As for accounting issues, according to management, the company will have to restate its financial statement for the quarter ended September 30, 2022 because of “the misclassification and accounting for certain assets and also the timing of recording certain costs.”
The changes will include an increase of $700,000 in net revenue, along with an increase of $2.9 million in the cost of goods sold. In the previous report, earnings per share was reported at $0.02, while in the restatement EPS will be listed at $0.00.
With the restatement of its financial statement for the first fiscal quarter of 2023, it triggered the total withdrawal of full fiscal 2023 guidance because of the change in numbers part of the guidance was predicated upon, along with the downward revision of its guidance for the second fiscal quarter of 2023.
Last, the company released information concerning its preliminary Q2 results, which were downwardly revised with revenue and gross margin.
In regard to revenue, it’s now expected to be at $81.00 million for the reporting period, down from consensus of $86.47 million. Gross margin was cut from 43.5 percent to 35 percent.

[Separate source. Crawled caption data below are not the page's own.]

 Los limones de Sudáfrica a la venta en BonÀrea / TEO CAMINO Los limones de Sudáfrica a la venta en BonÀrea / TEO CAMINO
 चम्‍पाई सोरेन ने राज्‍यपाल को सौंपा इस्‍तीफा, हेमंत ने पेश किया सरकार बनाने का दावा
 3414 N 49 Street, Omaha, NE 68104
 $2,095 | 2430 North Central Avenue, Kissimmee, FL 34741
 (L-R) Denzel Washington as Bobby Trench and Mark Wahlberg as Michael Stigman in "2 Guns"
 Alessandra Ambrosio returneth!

The downward revision of its gross margin is particularly troubling to me because of how wide it missed. It’s not unusual for companies to miss by a modest amount with guidance, but to miss by that much, in my opinion, underscores the problems the company faces operationally and in getting a handle on the business.
Steps being taken to right the ship
In response to the headwinds the company faces, it laid out some immediate steps it’s going to take to have an impact on VWE’s performance in the near term. Most of those include raising prices in certain parts of operations while cutting costs in others.
Concerning raising prices, in its Direct-to-Customer (DTC) segment it’s going to increase prices and shipping charges; increase prices with some of its brands that generate high volume in wholesale; boost freight recovery charges in its Business-to-Business (B2B) segment; and renegotiating some contracts to widen margins while exiting contracts that aren’t as profitable.
On the cost-cutting side of things, it’s going to lower marketing spend in its DTC segment, specifically in relationship to materials it uses to market and advertise.
It’s also working on costs associated with bottle mold in its supply chain, along with other unidentified areas.
After implementing the changes, the company expects to improve costs by approximately $10.00 million, although it’ll cost about $2.00 million to put the changes into action.
Conclusion
There’s no way of getting around it. VWE is a mess at this time, and it will take time to work its way out of it. Interim CEO Jon Moramarco said while expecting to return to EBITDA growth in fiscal 2024, the end result will be “a potentially smaller, but meaningfully more profitable enterprise.”
At this time I wouldn’t touch this company because there is simply no clarity or visibility as to how it’s actually going to perform in short or long term. I would wait until its next earnings report and management commentary before taking a serious look at VWE.
It’s going to have to prove it can execute on its plan to cut costs and prove it has a clear path to profitability. That’s going to take time, and even though the stock is trading at very low levels, I would hesitate to take a position based upon that because it could definitely go south again.
For now, this is a stock that could be traded in the short term based upon its price movement, but it would be important to wait until there’s enough volume coming in to move the share price in a way that is conducive to having the potential for wide, but temporary swings in its share price to justify taking the risk.
As an investment, I would wait until the smoke clears before thinking in terms of taking a position. I know the low price is tempting, but there’s a high probability it could drop much further before finding a bottom. The risk isn’t worth the limited reward at this time.